Work item
Whatever pictures the entries hold, omit them, and output exactly the lines from the one containing "Algeria, 1 Franc, Chambre" through the final line.

Records for the exercise
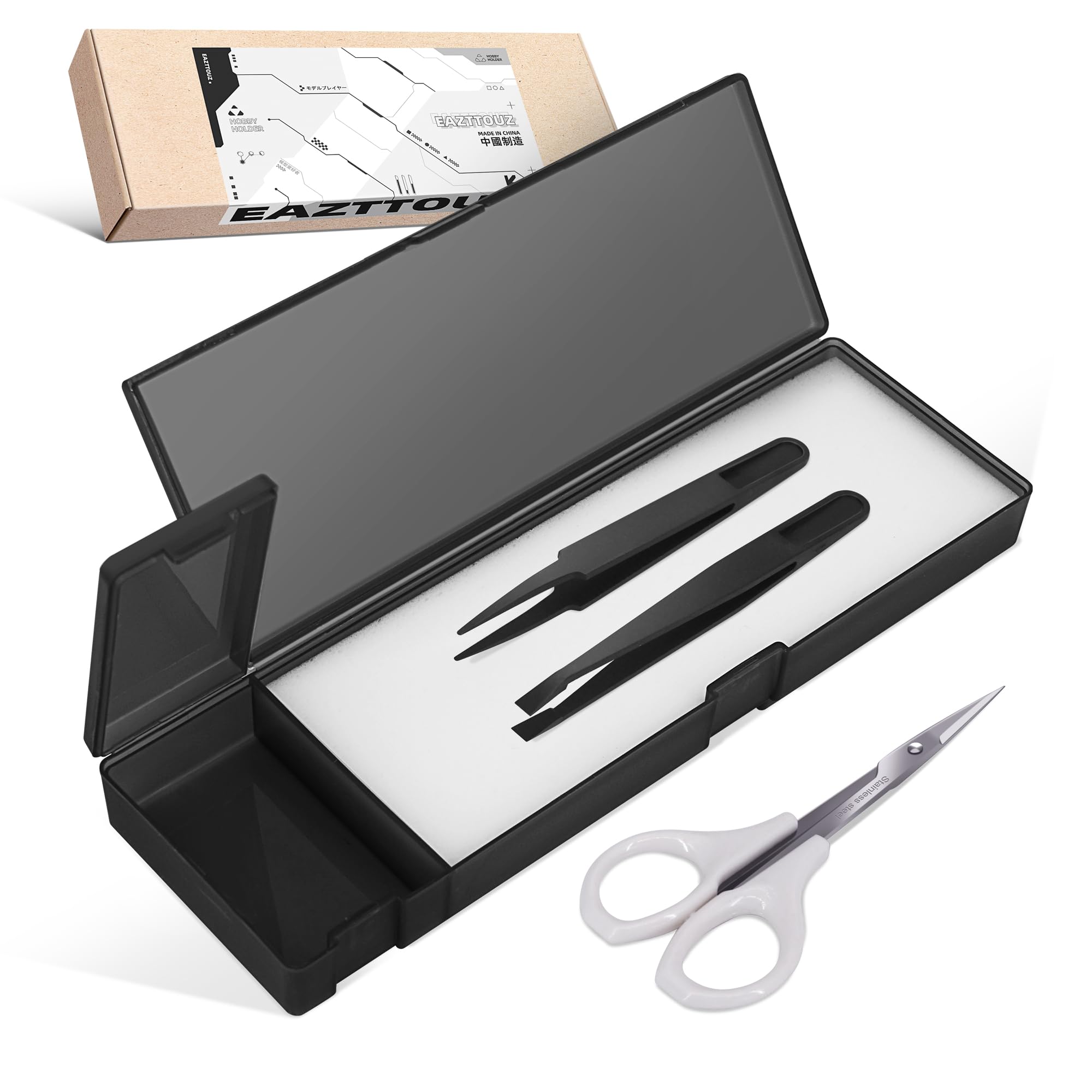 Model Decal Tool Set with Scissors, Tweezers, Sponge Pad - Water Decal Stickers Application Kit for Hobby Model Aircraftand Tank Models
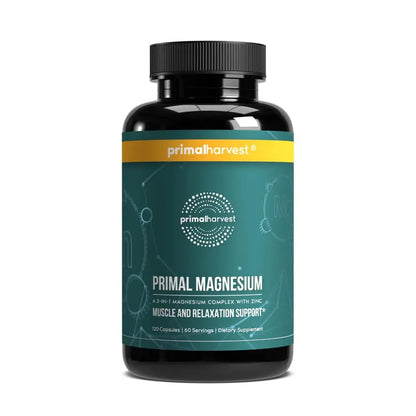Primal Magnesium supplement bottle with Primalharvest label on a white background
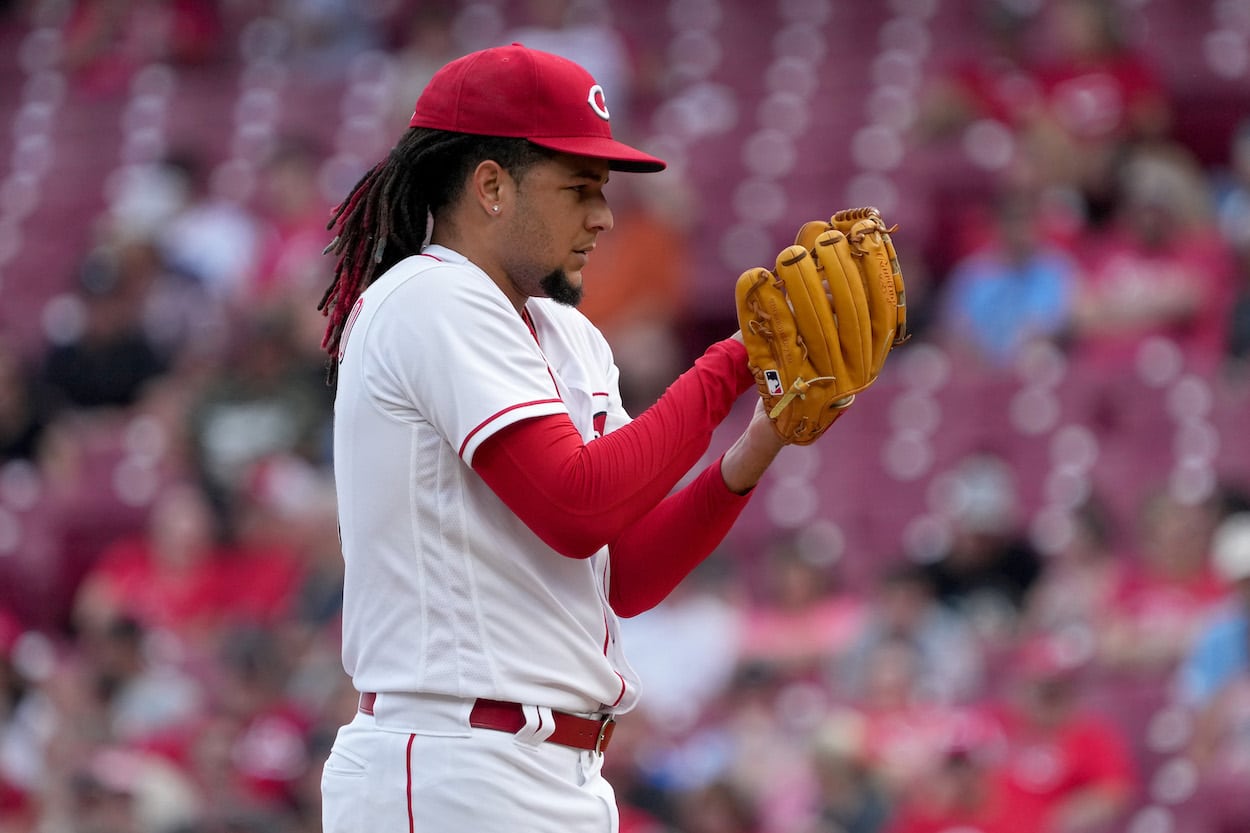 Luis Castillo preparing to pitch for the Cincinnati Reds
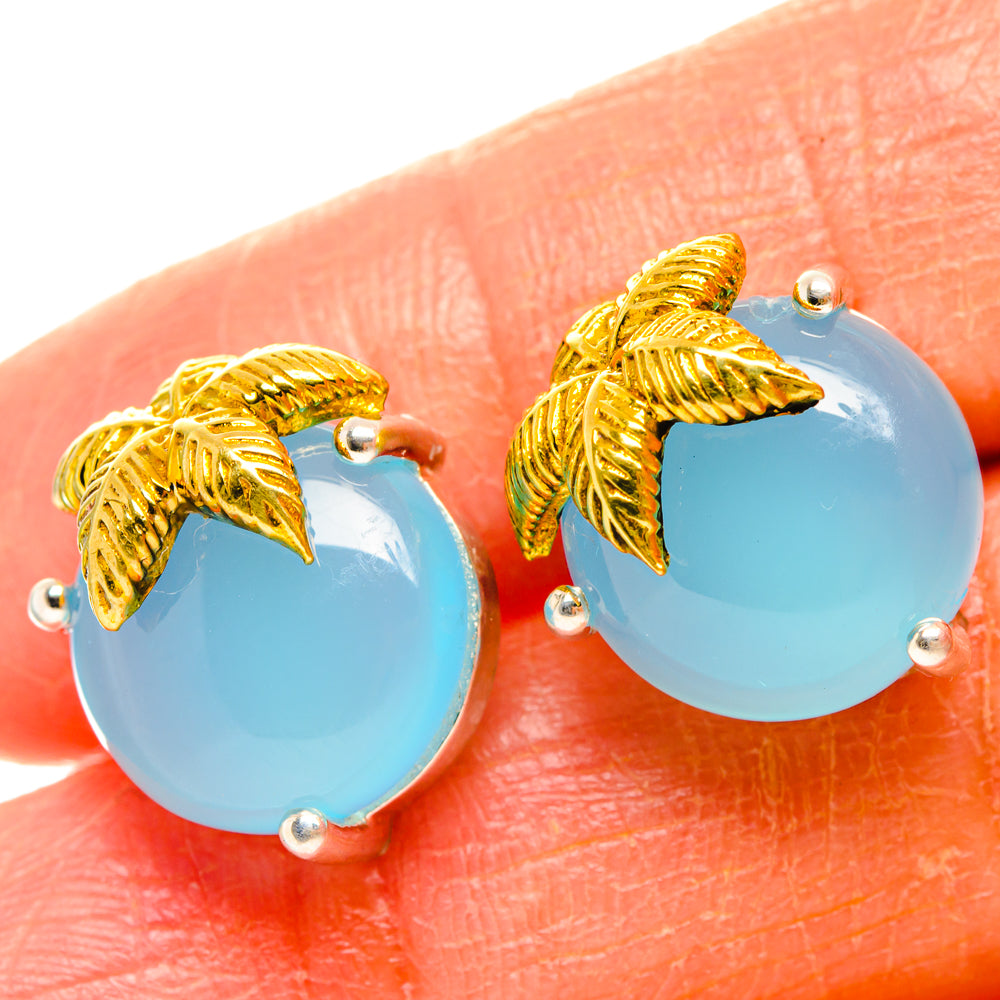Aqua Chalcedony Earrings handcrafted by Anasilvercos - EARR427150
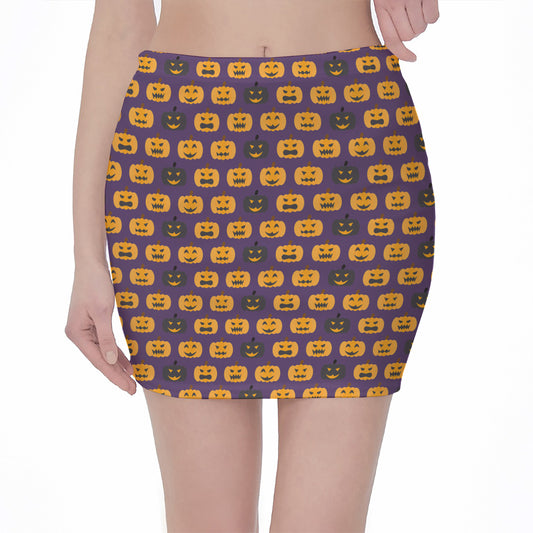 Halloween Pumpkin Pattern Print Pencil Mini Skirt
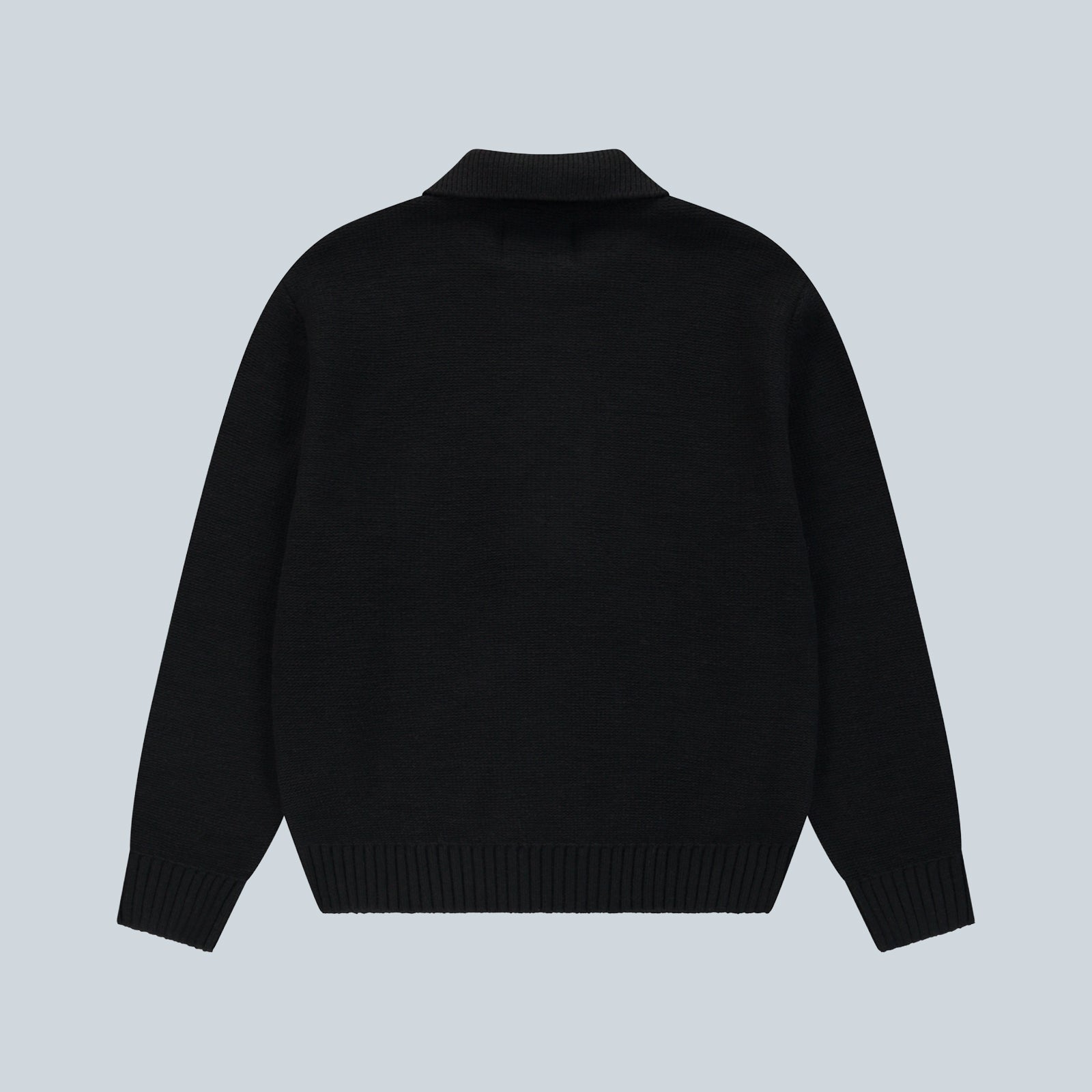 STENCIL ZIP CARDIGAN - BLACK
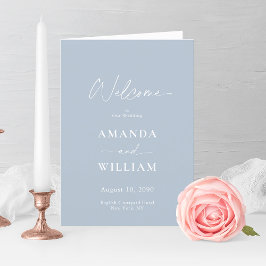 Elegant Dusty Blue Wedding Program Dankeskarte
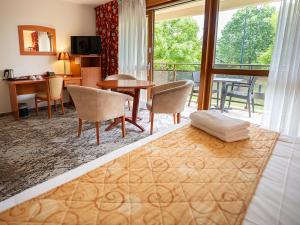 a hotel room with a bed and a table and chairs at Hotel Cigoland in Kintzheim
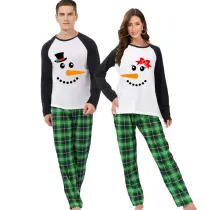 Christmas Couple Pajamas Matching Sets Man Hat & Women Bow Tie Snowman Adult Loungwear Red Pajamas Set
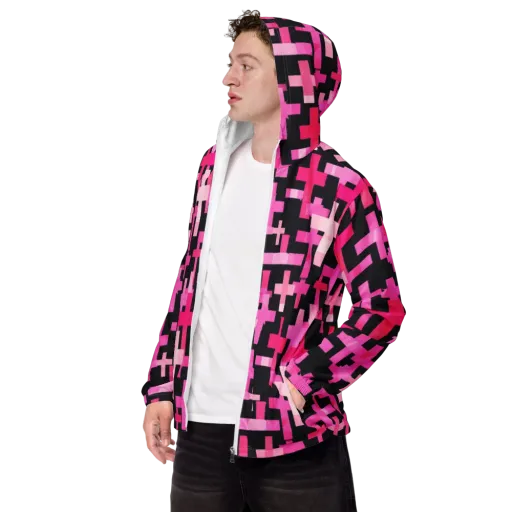 Magenta Junction on a Men's Windbreaker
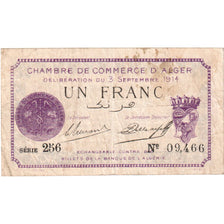 Algeria, 1 Franc, Chambre de Commerce, 1914, 1914-09-03, VF(20-25)
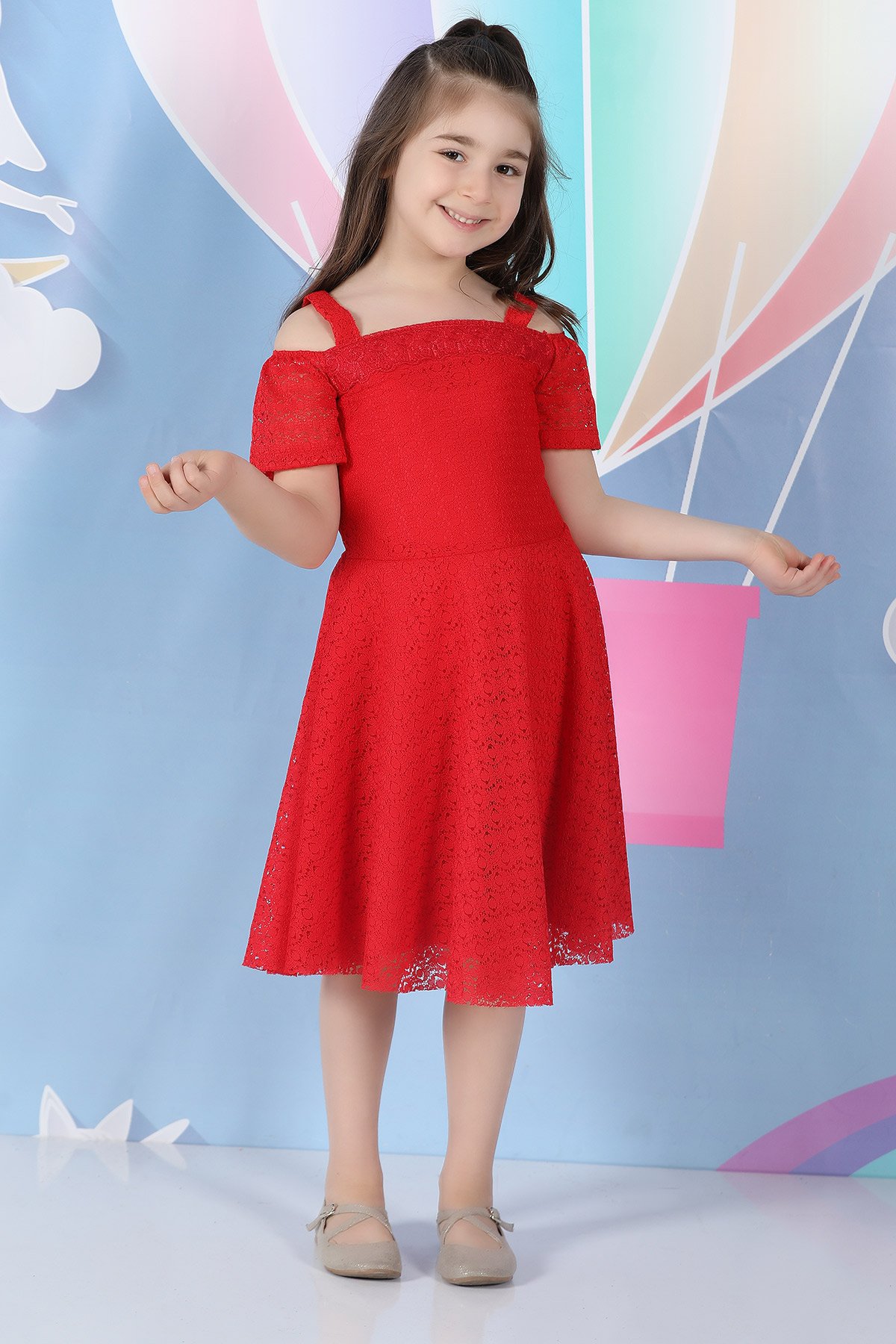 Kırmızı Dantelli Askılı Kız Çocuk Elbise 332958- tozlu.com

Answer section
 Algeria, 1 Franc, Chambre de Commerce, 1914, 1914-09-03, VF(20-25)
 Kırmızı Dantelli Askılı Kız Çocuk Elbise 332958- tozlu.com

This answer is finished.